Serbs mourn the loss of their loved ones, both civilian and military, in the recent war in Croatia in the 90s, and also lament the loss of their hometowns, villages, properties and communities. They believe that the Croatian government of Franjo Tuđman wanted to throw their people out of their country and succeeded in doing so with 'Operation Oluja' at the end of the war, accusing them of a number of war cimes during the war as well. However, they are rather annoyed by the Croatian media's constantly repeated stories of war crimes committed by members of their people on theirs, and believe that more should be mentioned about war crimes committed by Croats on Serbs in order to show that both sides committed war crimes against each other.

Croats likewise mourn and commemorate their fallen soldiers and lost loved ones during the same war, which they call the 'Homeland war' or Domovinski rat. For them, the Krajina Serbs were led by Hague convicts Milan Martić and Milan Babić, who led them into a war against the newly independent Croatian state and the Croatian people, committing horrendous crimes against them. They are quite inclined to doubt anything the Serbs claim their people did to them during the recent war, and this doubt can be applied to the Second World War, which includes minimising the numbers and gravity of the atrocities committed by the Ustaše upon Serbs throughout Croatia and Bosnia and the genocide committed at the Jasenovac concentration camp in the 'Independent State of Croatia' or Nezavisna Država Hrvatska (NDH).
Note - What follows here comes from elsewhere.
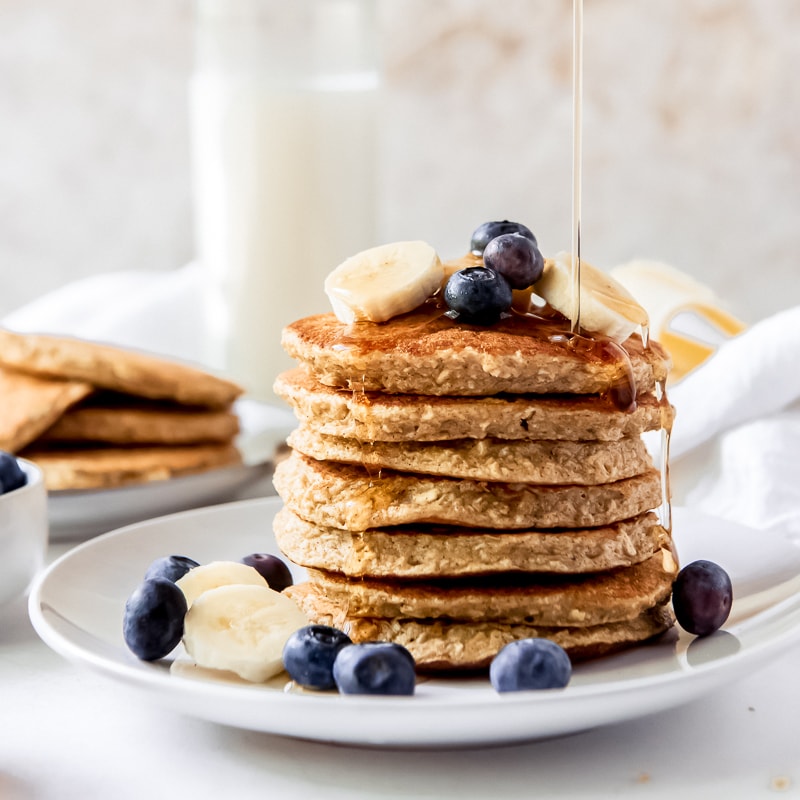 stack of banana oatmeal pancakes with blueberries and banana slices on top, syrup dripping down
Unfortunately, such views of history, whether recent or ancient, and particularly the attitudes towards which, influence the political opinions of entire populations and affect inter-ethnic relations, casting an enormous shadow over everyone and everything. But more frighteningly, they can guide extreme nationalist politicians, who, if they get elected into government by the public in their country/ies, can form official state policies, in the name of their people(s) and state(s), to achieve certain political objectives in today's world!

Of course, most politicians in the governments of former Yugoslav republics today are not that extreme any more, and are fortunately much more inclined to be critical in their thinking. But that extreme scenario is exactly what happened in at least three republics of the Former Yugoslavia during the 1990s, and such opinions can still influence political discourse from time-to-time even today!

And so, I end this long, drawn-out article with something that offends me: as far as I'm concerned, that we the people of the former Yugoslavia no longer have a country that can represent all of us like Yugoslavia could, is by far the BIGGEST insult of all!